TASK OBJECTIVE = Starting at the first line of the entries below, restate each line exactly until you reach the line with "12430 Fossil Point", and print that one too. Leave the pictures out and stop there.

Saved entries:
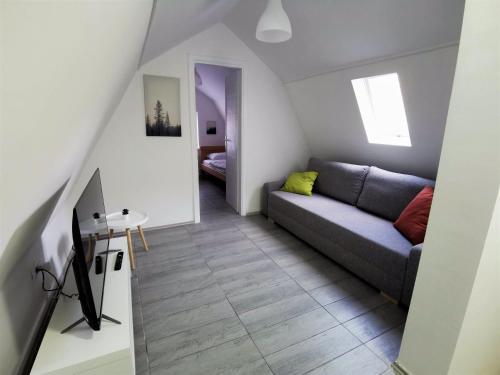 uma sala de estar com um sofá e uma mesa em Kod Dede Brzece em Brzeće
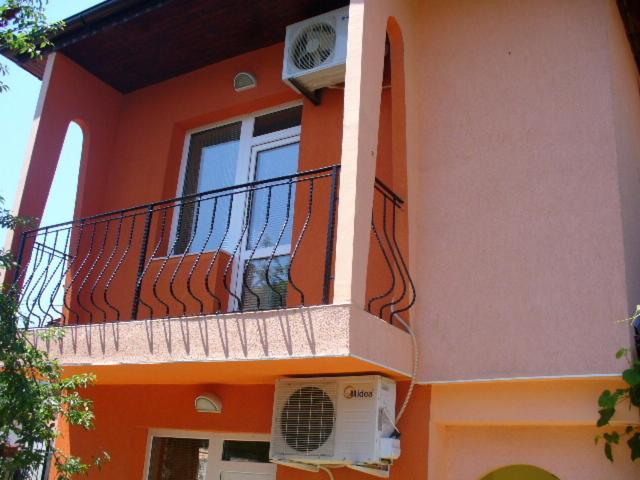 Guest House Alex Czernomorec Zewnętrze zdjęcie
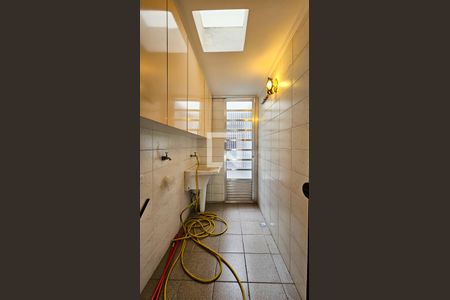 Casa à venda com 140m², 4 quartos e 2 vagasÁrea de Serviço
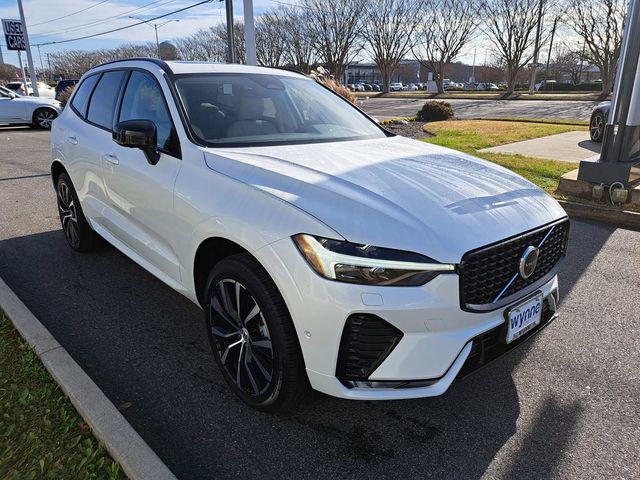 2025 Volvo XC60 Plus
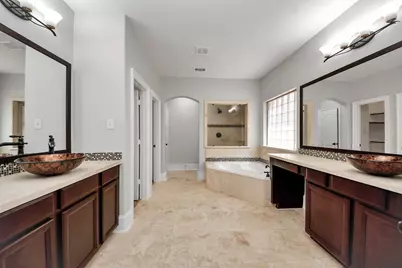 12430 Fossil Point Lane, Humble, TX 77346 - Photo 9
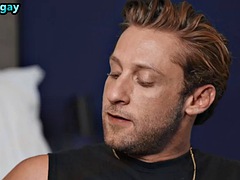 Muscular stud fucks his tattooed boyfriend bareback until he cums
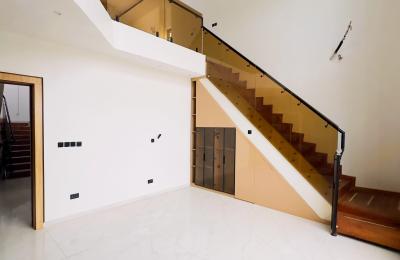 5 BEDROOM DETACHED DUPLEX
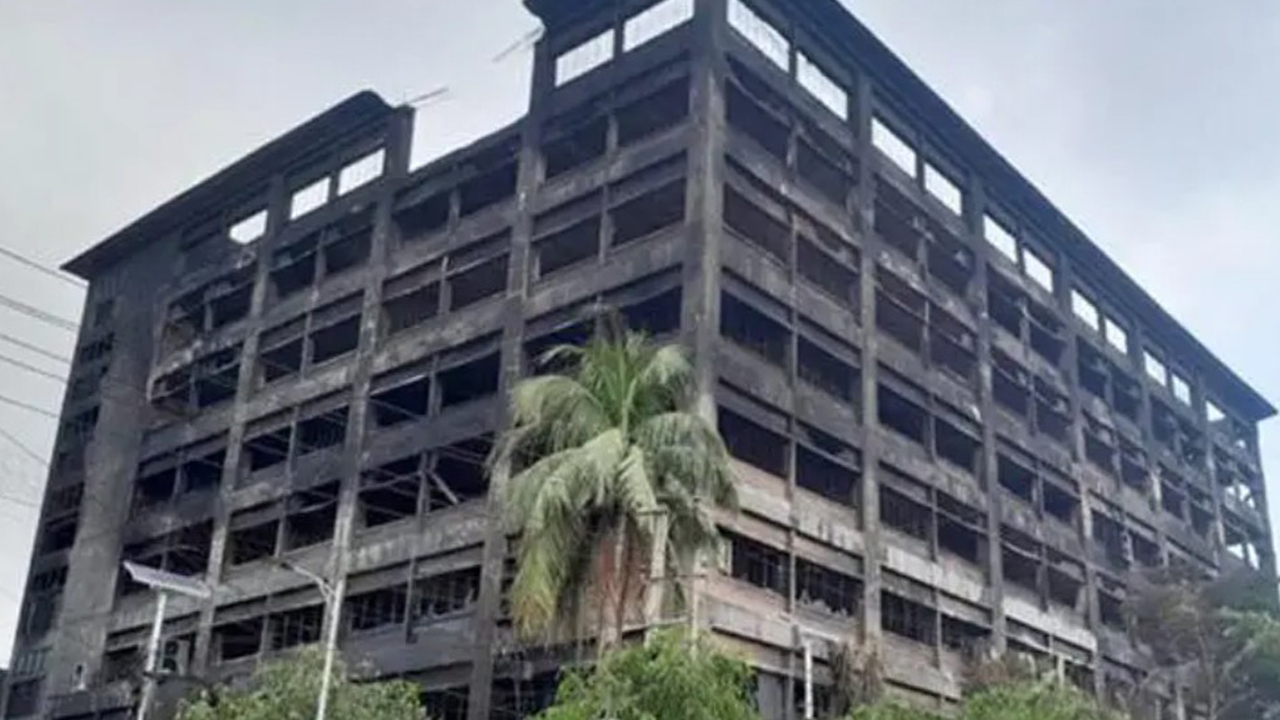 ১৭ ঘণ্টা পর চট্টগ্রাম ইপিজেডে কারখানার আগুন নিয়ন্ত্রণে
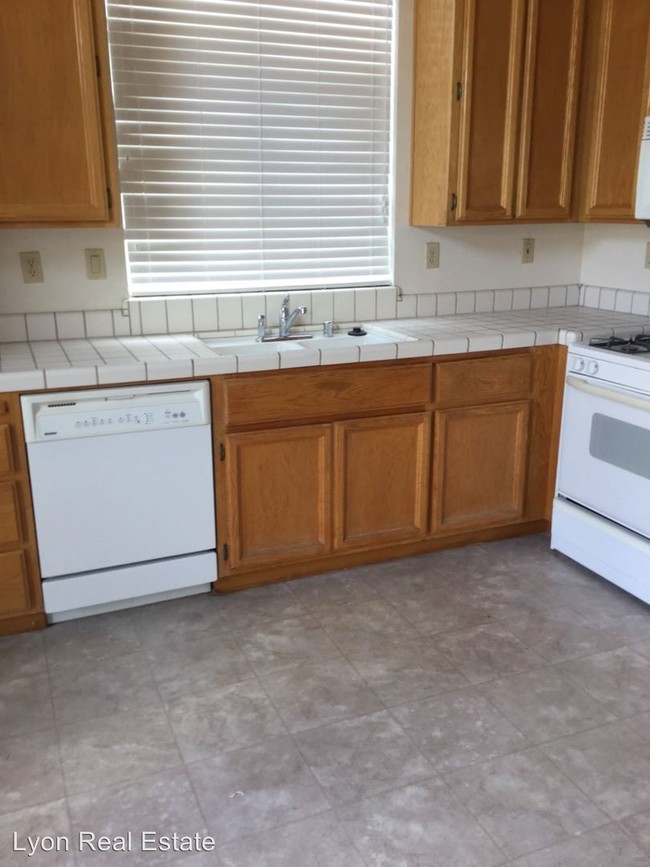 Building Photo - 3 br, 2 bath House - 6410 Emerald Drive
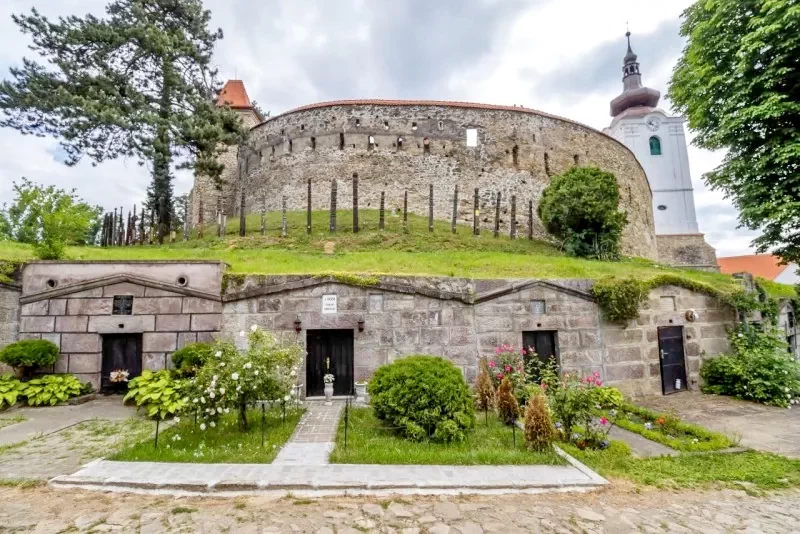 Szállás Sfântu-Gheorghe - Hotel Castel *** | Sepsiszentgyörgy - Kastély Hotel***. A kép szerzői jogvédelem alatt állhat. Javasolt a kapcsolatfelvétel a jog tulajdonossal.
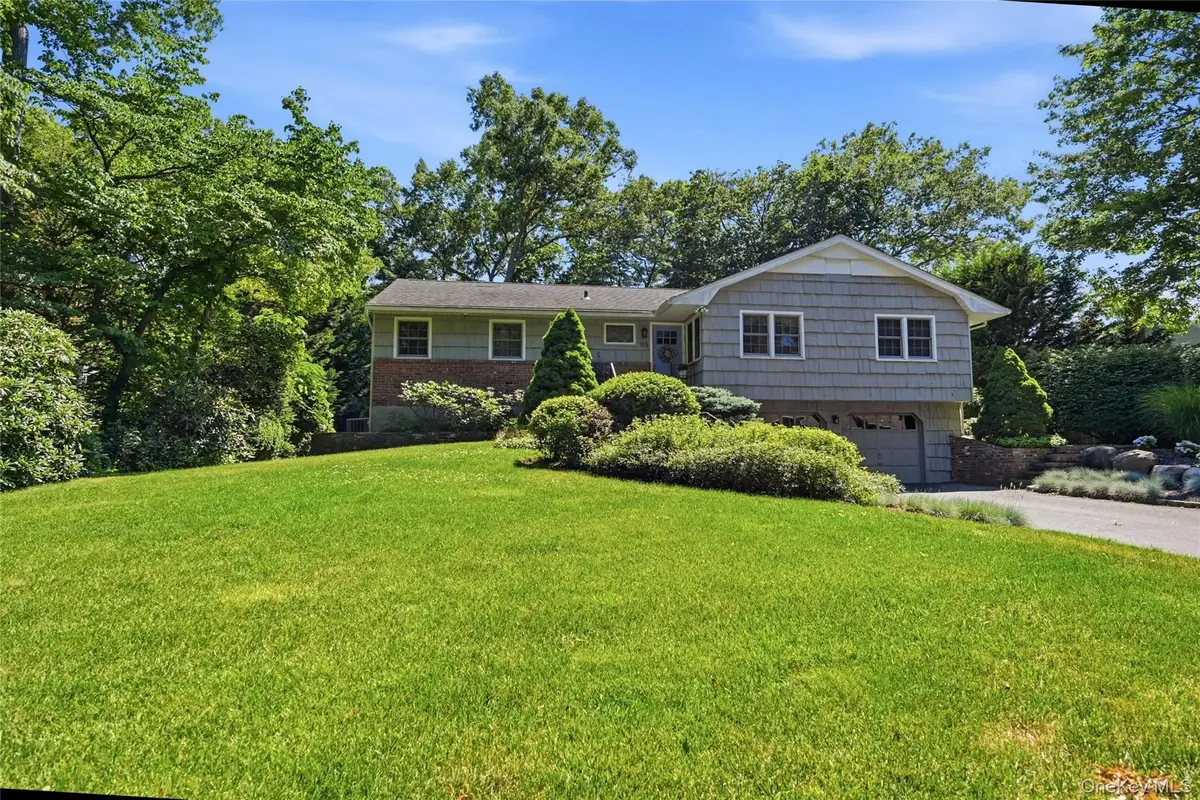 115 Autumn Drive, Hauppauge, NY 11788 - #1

RESULT OF THIS EXERCISE =
 uma sala de estar com um sofá e uma mesa em Kod Dede Brzece em Brzeće
 Guest House Alex Czernomorec Zewnętrze zdjęcie
 Casa à venda com 140m², 4 quartos e 2 vagasÁrea de Serviço
 2025 Volvo XC60 Plus
 12430 Fossil Point Lane, Humble, TX 77346 - Photo 9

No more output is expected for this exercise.